Extracting text at a lower level than PDFTextStripper provides?

Hi all!

I'm trying to extract some specially formatted text from a PDF, and it
seems like it will be impossible to use PDFTextStripper for this task.  In
particular, some of the font style (bold / italic /etc) and color
information is semantically relevant, and what is considered a "paragraph"
depends on this information.

What would be ideal is if there were a way to have a callback of mine
called for each glyph on the page, containing its font, color, size, glyph,
and location in translated / simple page coordinates.  Is there a way to do
something like that?

I've looked at some of the classes that PDFTextStripper derives from, but
it's not clear to me how these work and they seem to have TOO much
information, not at all a simple view of the characters / text
themselves.

Can anyone provide a suggestion?

Thanks,
  David

Re: Extracting text at a lower level than PDFTextStripper provides?
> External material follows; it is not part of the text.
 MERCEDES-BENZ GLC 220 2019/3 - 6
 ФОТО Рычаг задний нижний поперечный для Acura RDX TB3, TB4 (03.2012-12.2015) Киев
Posted by "Brian L. Matthews" <bl...@gmail.com>.
On 5/2/23 6:29 AM, Dave Trombley wrote:
> I'm trying to extract some specially formatted text from a PDF, and it
> seems like it will be impossible to use PDFTextStripper for this task.  In
> particular, some of the font style (bold / italic /etc) and color
> information is semantically relevant, and what is considered a "paragraph"
> depends on this information.
>
> What would be ideal is if there were a way to have a callback of mine
> called for each glyph on the page, containing its font, color, size, glyph,
> and location in translated / simple page coordinates.  Is there a way to do
> something like that?
>
> I've looked at some of the classes that PDFTextStripper derives from, but
> it's not clear to me how these work and they seem to have TOO much
> information, not at all a simple view of the characters / text
> themselves.

I use something like this fairly often:

     PDFStreamParser     parser = new PDFStreamParser(page);
     List<COSBase>       operands = new ArrayList<>();
     Object              token;

     while ((token = parser.parseNextToken()) != null)
     {
         if (token instanceof COSBase)
         {
             operands.add((COSBase) token);

             continue;
         }

         if (!(token instanceof Operator))
             throw new IllegalArgumentException("Unknown token " + token);

         parseOperator((Operator) token, operands);

         operands.clear();
     }

That's very low level, you have to track positions and transformation 
matrices and graphic states and everything yourself, but you get to see 
everything the PDF says to do and can set state and react accordingly.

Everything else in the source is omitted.